Penelitian: Inovasi Pertanian Hindari Dunia dari Kelaparan

Inovasi pertanian hindari dunia dari kelaparan

Teknologi pertanian yang disesuaikan bisa meningkatkan keamanan pangan global dengan signifikan di pertengahan abad ini.
Sebuah penelitian yang diterbitkan hari Rabu menyebutkan bahwa teknologi pertanian yang disesuaikan bisa meningkatkan keamanan pangan global dengan signifikan di pertengahan abad ini ketika populasi dunia membengkak menjadi 9 miliar dan cuaca yang buruk akibat perubahan iklim mengancam tanaman dan mengganggu perdagangan, menurut sebuah penelitian yang diterbitkan hari Rabu.

Hasil panen jagung global bisa meningkat sebanyak 67 persen tahun 2050, sementara panen gandum dan beras bisa meningkat sekitar 20 persen bila inovasi tertentu dipasangkan, menurut International Food Policy Research Institute (IFPRI)dalam sebuah penelitian berjudul "Food Security in a World of Natural Resource Scarcity" atau “Keamanan Pangan di Dunia dengan Kelangkaan Sumber Alam.”

Adopsi teknologi termasuk benih biotech, irigasi dan pertanian tanpa membajak, bisa memotong harga makanan dunia sampai separuhnya dan mengurangi kelangkaan pangan sampai 36 persen, kata IFPRI.

Penelitian tersebut menimbang dampak dari 11 teknologi yang berbeda tentang panen jagung, beras dan gandumg, harga tanaman, perdagangan dan kelaparan dunia dan menemukan bahwa kombinasi teknologi tertentu bekerja lebih baik dari lainnya. Penemuan tersebut bisa membantu mengidentifikasi praktik-praktik yang harus ditargetkan oleh negara-negara berkembang yang kekurangan uang untuk memerangi kelaparan.

“Kenyataannya adalah tidak ada satu teknologi pertanianpun atau praktik pertanian yang bisa menyediakan cukup makanan bagi dunia pada tahun 2050," kata Mark Rosegrant, penulis utama penelitian tersebut.

Para petani di negara berkembang akan melihat panen dengan keuntungan terbesar. Biji-bijian yang bisa tumbuh di kekeringan harus ditanam oleh produsen di Timur Tengah dan beberapa bagian di Afrika, Amerika Latin dan Karibia, sementara jenis yang bisa hidup di tempat panas bisa dipanen besar di Amerika Utara dan Asia Tenggara, kata IFPRI.

Hasil panen dari teknologi tertentu lebih tinggi bila digabungkan dengan irigasi.

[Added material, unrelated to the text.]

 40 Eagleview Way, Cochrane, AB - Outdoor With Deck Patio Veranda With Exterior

"Kami juga menemukan bahwa banyak teknologi ini yang bisa membawa dampak besar bagi lingkungan," kata Claudia Ringler, salah satu penulis laporan tersebut. "Kami menemukan pengurangan panen dibutuhkan untuk bisa mencukupi kebutuhan pangan dunia. Kami menemukan hasil yang jauh lebih baik pada ketersediaan kalori, jumlah anak-anak yang kekurangan gizi dan umumnya populasi yang beresiko kelaparan, dan mereka menggunakan lebih sedikit sumber alam,” ujarnya.

IFPRI mengurai lahan pertanian subur menjadi 60x60 km persegi dan mengukur dampak 11 teknologi dan praktik berbeda terhadap panen pokok jagung, gandung dan beras di dua skenario perubahan iklim yang berbeda.

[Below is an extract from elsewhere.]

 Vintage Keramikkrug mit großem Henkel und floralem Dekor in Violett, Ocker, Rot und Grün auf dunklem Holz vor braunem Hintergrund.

Penemuan yang positif kemudian diterapkan dalam model ekonomi yang memproyeksikan dampaknya pada harga komoditas, perdagangan dan keamanan pangan.

IFPRI menemukan bahwa pertanian tanpa membajak meningkatkan panen jagung sampai 20 persen. Tapi ketika digabungkan dengan irigasi, panen bisa meningkat 67 persen. Panen jagung di Sub-Sahara Afrika bisa meningkat dua kali lipat di tahun 2050 dengan menggunakan irigasi dan tanpa pembajakan.

Jagung yang bisa tumbuh di tempat kering bisa meningkatkan panen sampai 13 persen di AS dan China, konsumen terbesar jagung. Jenis pangan yang bisa ditanam di tempat panas bisa meningkatkan panen biji-bijian sampai 17 persen dan bila digabungkan dengan irigasi bisa melonjak menjadi 23 persen. Teknologi pertanian yang tepat bisa meningkatkan panen gandum sampai 25 persen. Jenis padi dengan gizi yang efisien bisa memproduksi 22 persen lebih banyak biji-bijian.